# semi-aggro tank ideas



## SuckMyCichlids (Nov 5, 2011)

So the search to spice up my 40g has led me to this,
I've been thinking of a little more aggressive tank and was wondering if any thoughts on my stocking ideas, I would get rid of my female swords, and add either a 3 spot gourami (or similar gourami) and possibly a redtailed shark so i'd have

1 opaline or 3 spot gourami
1 male swordtail
1 redtailed shark
6 zebra danios

Any input is appreaciated


----------



## werebat (Jan 27, 2012)

I would probably have at least two of the swordtails or gouarmis since they like company. Check out some websites and see the habits of the fish you are wanting to get. This way you can tell which ones like to be alone and which ones like buddies. Plus make sure the water conditions they prefer are smiliar.


----------



## jrman83 (Jul 9, 2010)

Still seems very community-ish to me...minus the shark.


----------



## congar15 (Dec 6, 2011)

Try this maybe? 
6 zebra danios 
6 tiger barbs 
red tailed shark 
2 pictus cats or other semi aggressive catfish


----------



## SuckMyCichlids (Nov 5, 2011)

From what I can see the "shark", gourami and danios will be just fine, I'm just wondering if there would be a confliction with the "shark" and the swordtail


----------



## SuckMyCichlids (Nov 5, 2011)

I would never put 2 gouramis in a tank personally and id love too keep acouple of my female swords but if the males gonna get pushed around I figure it'd be even worse for the females


----------



## congar15 (Dec 6, 2011)

My stocking suggestion was just to try to suggest a more semi-aggressive stocking.
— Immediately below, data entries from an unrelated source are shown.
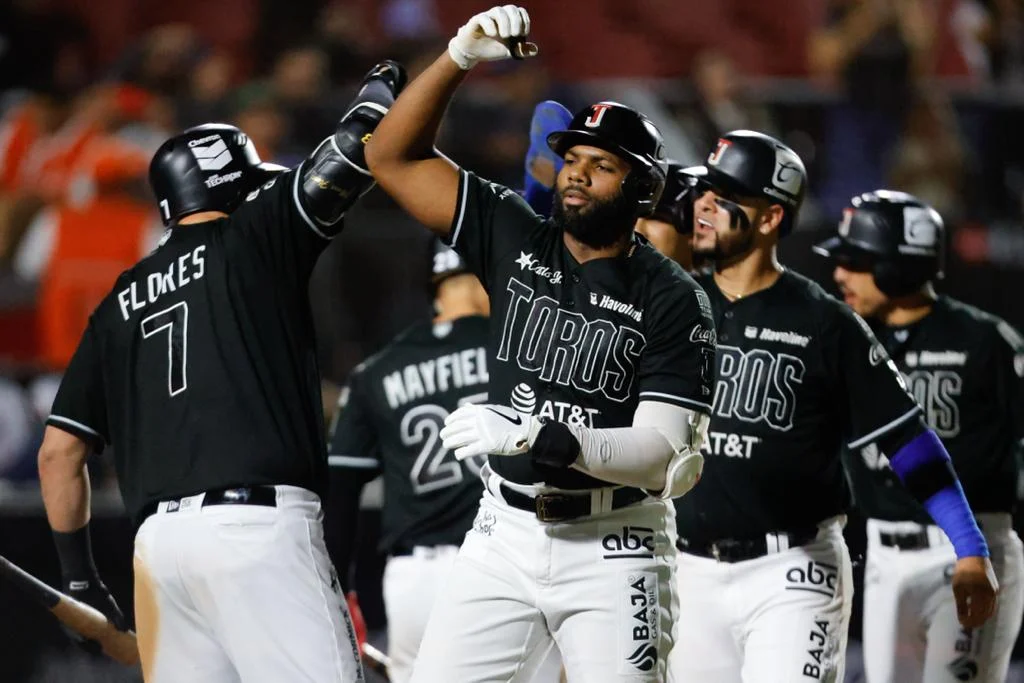 Con joya de Pitcheo y Grand Slam, Toros ya es Primer Lugar
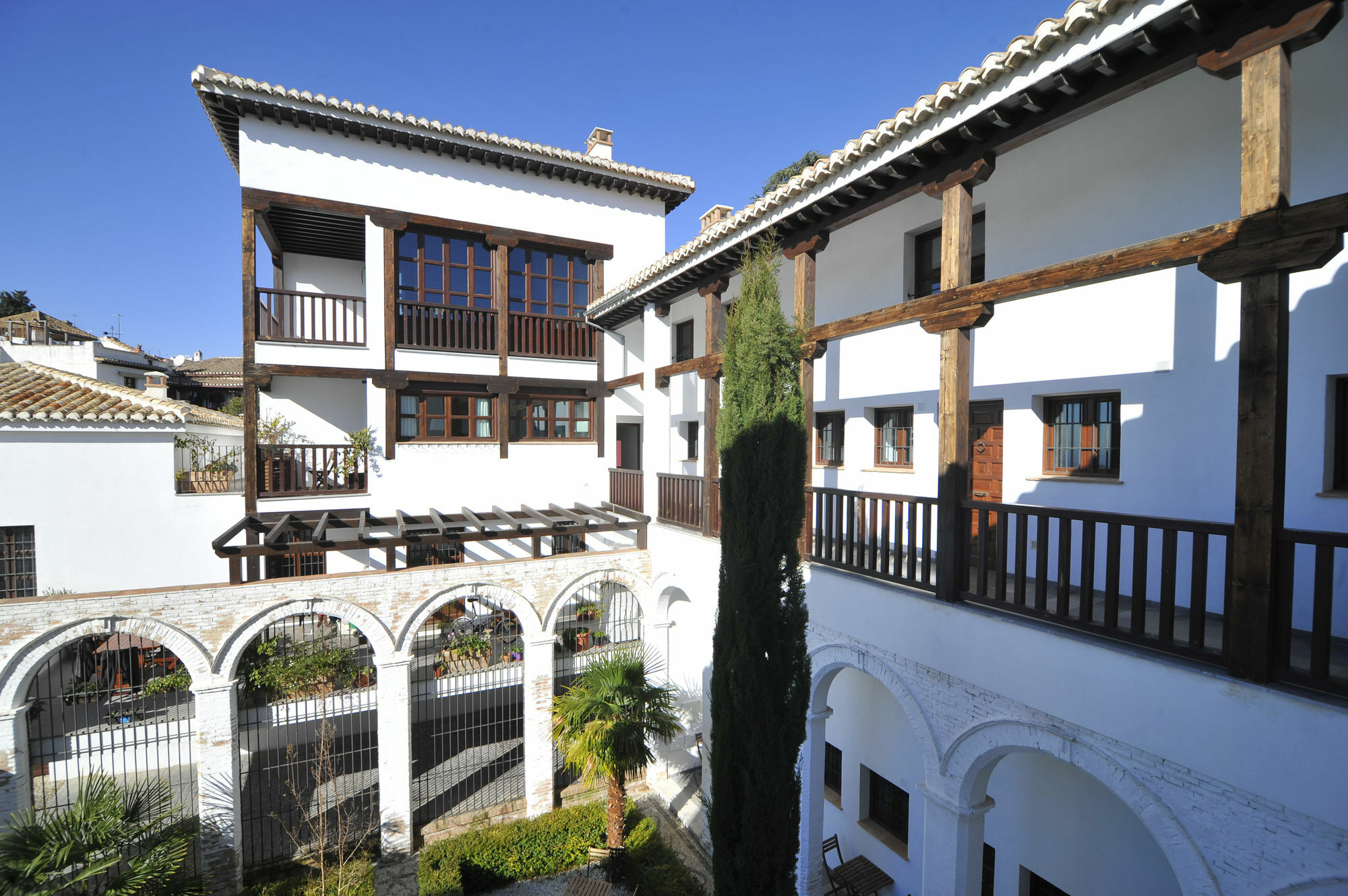 Smart Suites Albaicin Granada Exterior photo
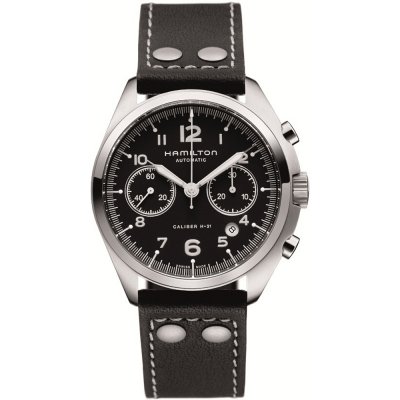 Montre Hamilton Khaki Aviation H76416735 Khaki Pilot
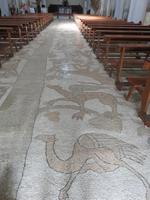 Otranto - Mosaikboden in der Kathdrale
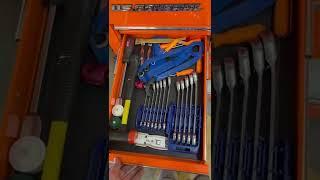 U.S. GENERAL 5 Drawer Tool Cart Tour!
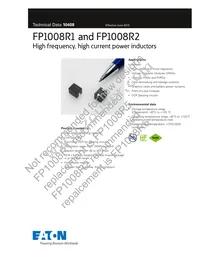 FP1008R2-R150-R Cover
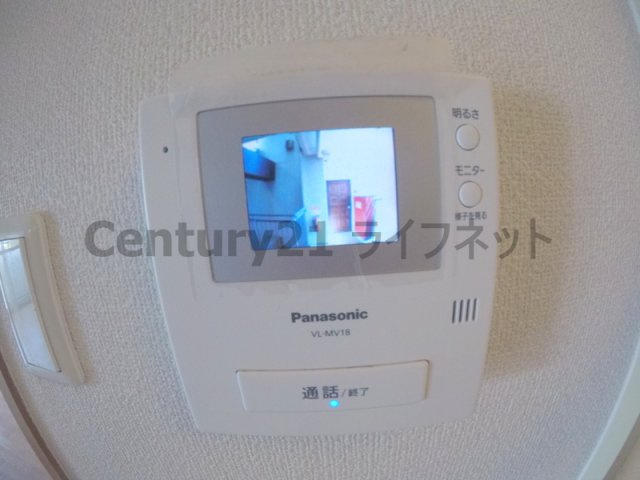 【セキュリティ】 | 新大阪川島マンション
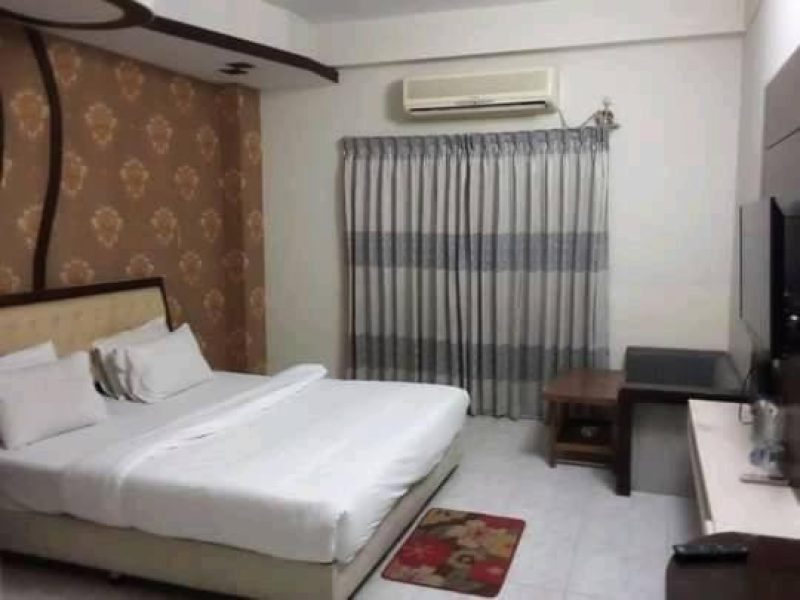 Deluxe Double Room – HOC
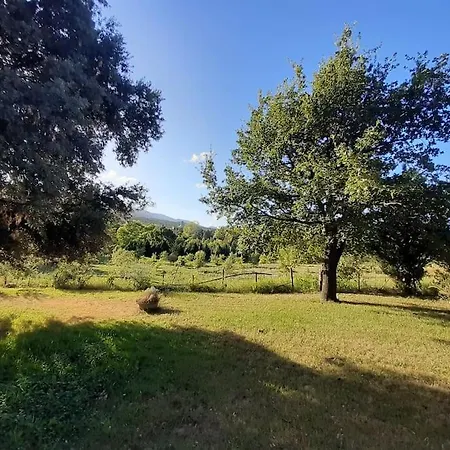 فيلة Bastide Au Bord Du Lez *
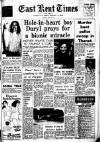 East Kent Times and Mail Friday 09 June 1978 Page 1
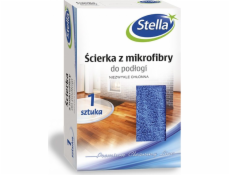 Stella Stella mikrovlákna, na podlahu, dvojitá, 1 ks, modrá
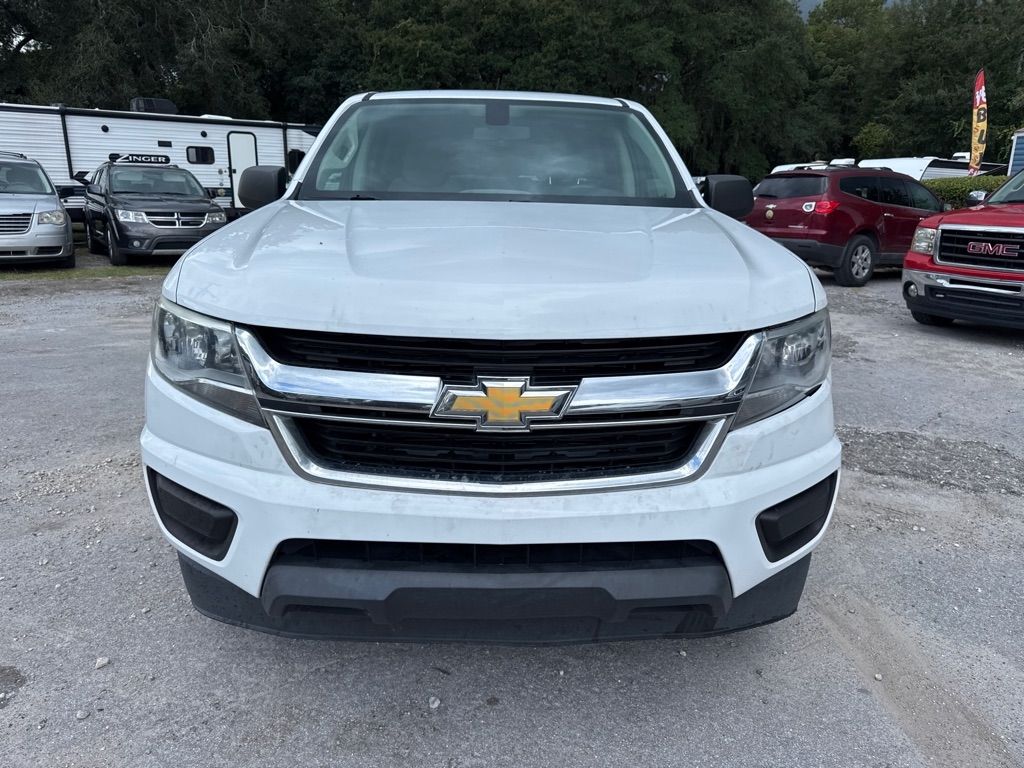 Chevrolet Colorado 2WD Crew Cab 128.3" Work Truck 2019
I have a red tailed shark and he's more passive than the minnow he's with. And as far as your question regarding swordtail and shark, I see no problem there. Have fun! :fish10:


----------



## SuckMyCichlids (Nov 5, 2011)

I thought about barbs but I would think 6 tiger barbs would be a bit much for the tank and I wouldn't want them in a group less than that but its still somthing to think about, thanks


----------



## congar15 (Dec 6, 2011)

No problem, man. *w2


----------